= Kennesaw State Owls football statistical leaders =

The Kennesaw State Owls football statistical leaders are individual statistical leaders of the Kennesaw State Owls football program in various categories, including passing, rushing, receiving, total offense, defensive stats, and kicking. Within those areas, the lists identify single-game, single-season, and career leaders. The Owls represent Kennesaw State University (KSU) in the NCAA Division I FBS Conference USA (CUSA).

Kennesaw State began competing in intercollegiate football in 2015, so the typical issues with school records do not exist. There is no period of the late 19th and early 20th century with spotty, incomplete records. Therefore, Owls' records are also not affected by the lengthening of the season to 12 games over the years, the 1972 NCAA decision to allow freshmen to play varsity football, or the 2002 NCAA decision to count bowl games in players' official statistics.

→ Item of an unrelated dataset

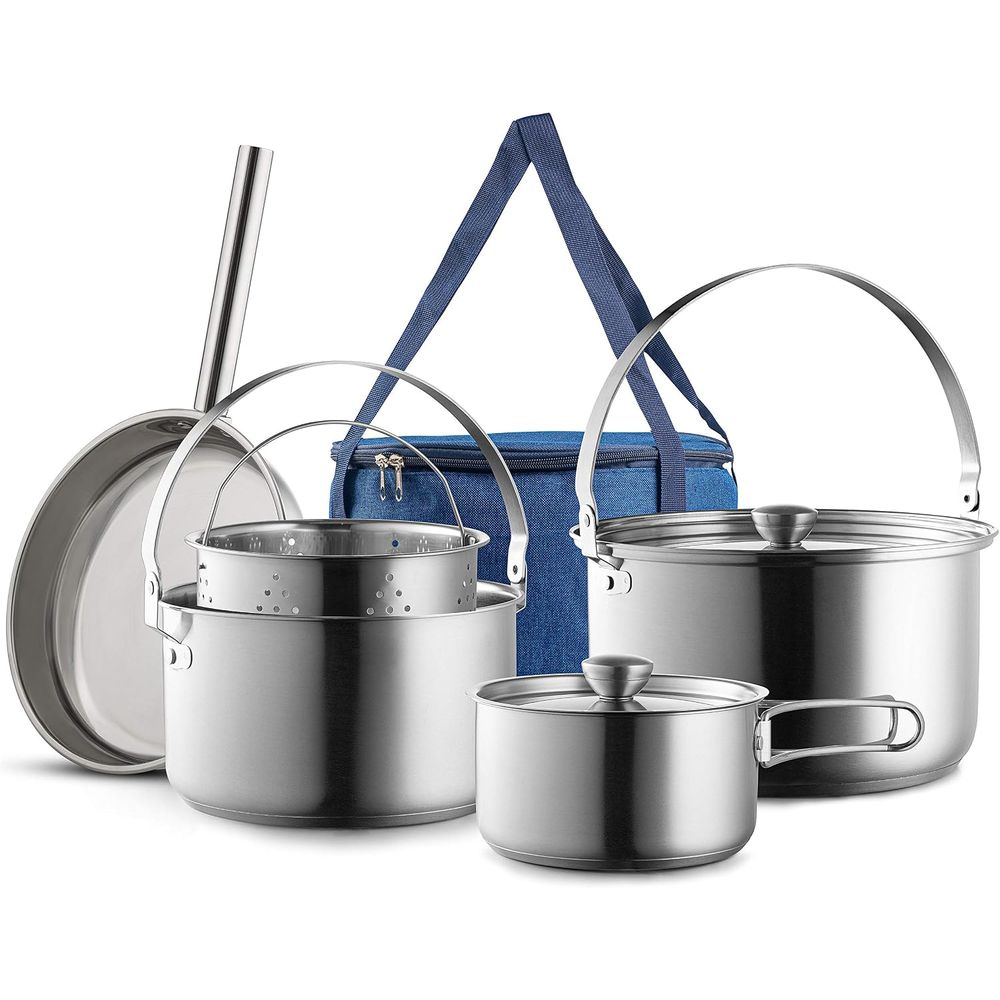 Camping Cooking Open Fire - Set di Pentole da Campeggio in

However, other aspects of college football rules and playing conditions have allowed players in select seasons extra games to accumulate statistics.
- KSU started play as a member of Division I FCS, not joining FBS until 2024. Before a coming change to a 12-game regular season in 2026, FCS regular seasons were normally limited to 11 games. However, two aspects of FCS rules have allowed for more games:
  - The NCAA organizes an FCS championship tournament, currently called the NCAA Division I Football Championship. The Owls reached the FCS playoffs 4 times, playing 9 games in all, before moving to FBS. As in the case of FBS bowl games, the NCAA started counting FCS playoff games toward players' official statistics in 2002.
  - Additionally, pre-2026 NCAA rules allowed FCS teams to schedule 12 regular-season games in years when the period starting with the Thursday before Labor Day and ending with the final Saturday in November contains 14 Saturdays.
- Since 2018, players in both FCS and FBS have been allowed to participate in as many as four games in a redshirt season; previously, playing in even one game "burned" the redshirt. Since 2024, postseason games have not counted against the four-game limit. These changes to redshirt rules have given many KSU players several extra games to accumulate statistics.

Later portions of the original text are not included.